Het ironische van de hele discussie omtrent het koningslied is dat het juist de perfecte context naar voren haalt om het Nederlandschap bij allochtonen te benadrukken. Door de koningslied-discussie wordt niet alleen het Nederlanderschap van autochtonen benadrukt, maar ook van allochtonen. Iedereen voelt zich opeens geroepen om een mening te hebben over het koningslied of om baby’s te typeren als Chinese naakthonden. Het gedrocht van componist John Ewbank brengt allochtonen en autochtonen bij elkaar.
Deze discussie laat duidelijk zien dat de context belangrijk is voor het benadrukken van een deel identiteit. Wanneer bijvoorbeeld Achmed kritiek heeft op Ewbank heeft hij dit niet omdat hij ‘Marokkaan’ is, maar omdat hij zich identificeert als Nederlander.

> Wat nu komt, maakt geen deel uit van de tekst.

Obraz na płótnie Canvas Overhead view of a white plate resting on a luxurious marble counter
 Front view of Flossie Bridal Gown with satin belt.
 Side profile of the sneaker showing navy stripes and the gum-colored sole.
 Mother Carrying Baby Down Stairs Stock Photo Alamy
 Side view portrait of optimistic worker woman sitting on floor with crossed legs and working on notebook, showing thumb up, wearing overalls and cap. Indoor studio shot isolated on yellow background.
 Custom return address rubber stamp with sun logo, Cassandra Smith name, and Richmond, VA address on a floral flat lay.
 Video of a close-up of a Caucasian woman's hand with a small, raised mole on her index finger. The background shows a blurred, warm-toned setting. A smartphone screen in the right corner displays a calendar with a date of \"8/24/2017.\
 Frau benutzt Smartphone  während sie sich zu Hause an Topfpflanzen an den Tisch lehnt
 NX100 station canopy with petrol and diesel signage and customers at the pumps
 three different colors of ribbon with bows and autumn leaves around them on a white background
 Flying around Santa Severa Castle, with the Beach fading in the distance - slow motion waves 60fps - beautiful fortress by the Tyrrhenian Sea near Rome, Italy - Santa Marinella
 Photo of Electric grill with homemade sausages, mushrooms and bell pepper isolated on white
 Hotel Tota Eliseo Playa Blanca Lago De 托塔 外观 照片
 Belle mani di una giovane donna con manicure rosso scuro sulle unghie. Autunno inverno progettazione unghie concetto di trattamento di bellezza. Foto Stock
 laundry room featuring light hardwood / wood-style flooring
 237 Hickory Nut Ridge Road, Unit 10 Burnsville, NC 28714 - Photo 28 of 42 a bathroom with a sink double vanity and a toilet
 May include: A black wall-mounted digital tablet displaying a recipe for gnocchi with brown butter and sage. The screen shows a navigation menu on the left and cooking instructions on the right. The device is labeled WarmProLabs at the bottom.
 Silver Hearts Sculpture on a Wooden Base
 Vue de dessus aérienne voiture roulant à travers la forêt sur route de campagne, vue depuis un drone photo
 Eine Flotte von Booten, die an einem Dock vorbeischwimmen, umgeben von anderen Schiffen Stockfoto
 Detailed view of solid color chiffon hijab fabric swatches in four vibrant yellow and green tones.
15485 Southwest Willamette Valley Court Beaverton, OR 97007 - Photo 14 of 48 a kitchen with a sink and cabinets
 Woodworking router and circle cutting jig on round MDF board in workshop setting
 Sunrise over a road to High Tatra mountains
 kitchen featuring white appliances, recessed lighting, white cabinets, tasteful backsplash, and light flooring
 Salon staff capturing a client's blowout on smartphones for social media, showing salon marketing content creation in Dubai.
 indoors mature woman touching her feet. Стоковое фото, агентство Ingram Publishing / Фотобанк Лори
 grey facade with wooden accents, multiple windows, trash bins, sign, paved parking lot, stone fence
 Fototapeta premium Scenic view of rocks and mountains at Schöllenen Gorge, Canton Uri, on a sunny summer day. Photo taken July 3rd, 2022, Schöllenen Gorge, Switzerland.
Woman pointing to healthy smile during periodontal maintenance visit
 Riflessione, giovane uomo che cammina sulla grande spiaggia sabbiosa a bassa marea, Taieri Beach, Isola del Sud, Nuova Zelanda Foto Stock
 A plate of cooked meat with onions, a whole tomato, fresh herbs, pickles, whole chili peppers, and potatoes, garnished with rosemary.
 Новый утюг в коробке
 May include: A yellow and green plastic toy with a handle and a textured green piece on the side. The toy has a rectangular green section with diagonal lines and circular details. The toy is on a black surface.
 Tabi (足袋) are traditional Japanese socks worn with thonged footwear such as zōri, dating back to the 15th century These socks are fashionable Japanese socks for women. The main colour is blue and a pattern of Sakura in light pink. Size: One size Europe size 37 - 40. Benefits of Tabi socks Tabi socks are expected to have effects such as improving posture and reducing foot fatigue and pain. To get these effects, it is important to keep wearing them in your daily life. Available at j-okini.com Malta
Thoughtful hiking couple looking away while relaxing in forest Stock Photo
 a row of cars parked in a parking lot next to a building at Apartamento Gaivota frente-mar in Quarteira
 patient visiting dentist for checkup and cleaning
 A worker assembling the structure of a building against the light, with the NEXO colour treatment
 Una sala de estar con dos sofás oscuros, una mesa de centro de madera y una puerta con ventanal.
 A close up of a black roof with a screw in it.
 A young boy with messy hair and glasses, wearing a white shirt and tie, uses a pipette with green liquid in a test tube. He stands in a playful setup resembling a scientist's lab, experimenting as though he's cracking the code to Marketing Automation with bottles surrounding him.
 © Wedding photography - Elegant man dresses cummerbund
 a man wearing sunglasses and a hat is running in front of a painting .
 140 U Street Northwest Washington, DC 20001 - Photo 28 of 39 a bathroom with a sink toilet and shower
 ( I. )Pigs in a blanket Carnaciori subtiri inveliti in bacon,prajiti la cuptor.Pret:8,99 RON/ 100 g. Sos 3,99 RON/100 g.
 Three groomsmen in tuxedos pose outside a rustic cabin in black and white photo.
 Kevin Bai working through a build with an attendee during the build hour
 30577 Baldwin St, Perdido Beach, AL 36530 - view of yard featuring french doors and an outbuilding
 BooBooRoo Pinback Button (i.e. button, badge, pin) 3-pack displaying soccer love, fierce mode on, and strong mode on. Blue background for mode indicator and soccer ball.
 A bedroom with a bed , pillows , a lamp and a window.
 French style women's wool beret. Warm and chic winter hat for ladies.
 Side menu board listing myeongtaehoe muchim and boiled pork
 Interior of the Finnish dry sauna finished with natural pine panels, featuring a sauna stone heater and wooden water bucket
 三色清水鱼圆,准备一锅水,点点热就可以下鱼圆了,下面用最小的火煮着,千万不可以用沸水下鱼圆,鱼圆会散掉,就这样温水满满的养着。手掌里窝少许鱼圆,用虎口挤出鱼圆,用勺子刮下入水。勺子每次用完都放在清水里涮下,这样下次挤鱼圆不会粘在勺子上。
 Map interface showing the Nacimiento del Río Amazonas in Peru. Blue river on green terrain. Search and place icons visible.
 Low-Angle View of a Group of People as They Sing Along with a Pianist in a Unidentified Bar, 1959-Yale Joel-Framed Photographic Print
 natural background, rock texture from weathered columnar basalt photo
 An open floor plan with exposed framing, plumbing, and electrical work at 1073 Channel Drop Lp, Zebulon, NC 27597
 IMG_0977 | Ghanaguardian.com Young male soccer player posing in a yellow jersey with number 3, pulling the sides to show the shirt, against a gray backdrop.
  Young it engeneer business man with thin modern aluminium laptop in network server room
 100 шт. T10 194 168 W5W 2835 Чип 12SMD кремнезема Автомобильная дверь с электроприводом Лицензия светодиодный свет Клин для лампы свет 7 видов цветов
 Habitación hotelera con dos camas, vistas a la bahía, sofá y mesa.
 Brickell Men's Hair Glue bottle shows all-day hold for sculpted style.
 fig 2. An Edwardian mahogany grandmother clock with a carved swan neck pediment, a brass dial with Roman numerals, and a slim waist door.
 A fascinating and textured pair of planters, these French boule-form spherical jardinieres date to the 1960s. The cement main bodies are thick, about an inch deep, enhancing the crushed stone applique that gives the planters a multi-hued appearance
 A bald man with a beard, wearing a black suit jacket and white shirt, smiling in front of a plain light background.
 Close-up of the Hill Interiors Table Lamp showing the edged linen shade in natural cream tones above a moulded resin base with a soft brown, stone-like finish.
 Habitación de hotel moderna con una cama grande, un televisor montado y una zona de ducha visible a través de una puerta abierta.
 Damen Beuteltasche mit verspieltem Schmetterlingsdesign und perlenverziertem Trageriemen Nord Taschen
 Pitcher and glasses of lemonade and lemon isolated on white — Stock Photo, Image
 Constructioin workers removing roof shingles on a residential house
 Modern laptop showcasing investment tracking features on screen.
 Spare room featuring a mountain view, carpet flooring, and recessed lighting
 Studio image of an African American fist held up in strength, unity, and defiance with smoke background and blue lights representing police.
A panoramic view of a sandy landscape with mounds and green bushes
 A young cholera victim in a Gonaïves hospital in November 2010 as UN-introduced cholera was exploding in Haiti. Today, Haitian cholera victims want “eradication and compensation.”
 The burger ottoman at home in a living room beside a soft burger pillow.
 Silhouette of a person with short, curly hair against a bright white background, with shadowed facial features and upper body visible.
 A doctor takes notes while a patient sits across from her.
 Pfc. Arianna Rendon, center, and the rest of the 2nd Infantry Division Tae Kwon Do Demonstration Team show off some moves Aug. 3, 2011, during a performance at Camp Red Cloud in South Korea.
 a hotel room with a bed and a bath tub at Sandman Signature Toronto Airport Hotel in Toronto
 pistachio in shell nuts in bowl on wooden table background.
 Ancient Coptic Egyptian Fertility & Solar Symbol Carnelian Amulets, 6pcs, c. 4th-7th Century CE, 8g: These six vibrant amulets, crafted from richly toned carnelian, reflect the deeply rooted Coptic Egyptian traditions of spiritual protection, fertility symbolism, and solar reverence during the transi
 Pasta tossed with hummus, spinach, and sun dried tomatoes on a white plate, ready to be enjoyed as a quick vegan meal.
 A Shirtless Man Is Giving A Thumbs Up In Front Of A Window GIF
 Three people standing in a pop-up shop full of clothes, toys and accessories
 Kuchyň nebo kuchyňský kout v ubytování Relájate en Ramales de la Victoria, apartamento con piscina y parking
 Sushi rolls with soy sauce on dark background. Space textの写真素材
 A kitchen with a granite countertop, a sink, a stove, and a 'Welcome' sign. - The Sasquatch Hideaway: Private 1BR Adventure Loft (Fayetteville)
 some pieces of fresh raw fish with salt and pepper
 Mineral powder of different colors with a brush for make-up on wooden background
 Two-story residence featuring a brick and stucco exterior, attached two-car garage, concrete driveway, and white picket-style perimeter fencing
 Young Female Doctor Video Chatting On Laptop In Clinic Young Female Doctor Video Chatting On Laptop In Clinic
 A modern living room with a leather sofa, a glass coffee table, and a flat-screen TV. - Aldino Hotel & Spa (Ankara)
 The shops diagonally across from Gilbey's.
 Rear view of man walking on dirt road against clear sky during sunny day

Het Nederlandschap benadrukken is in deze discussie/context relevanter dan het benadrukken van een andere deel identiteit zoals student, schoonmaker, moeder, vader enzovoorts.
Op 30 april 2013 wordt een lied vol taalfouten namens het Nederlandse volk officieel voorgedragen aan prins Willem-Alexander en prinses Maxima. Hiermee wordt gebrekkig Nederlands in één klap verheven tot cultureel erfgoed en kunnen zelfs allochtonen die de Nederlandse taal niet (goed) beheersen zich toch erg Nederlands voelen. De monarchie is dus nog springlevend en het laat tegelijkertijd ook zien dat dé Nederlander wel bestaat!
Shashi Roopram excuseert zich voor alle taalvoutjes in dit stuk. Zie het als een onderstreping van zijn participatiecontract.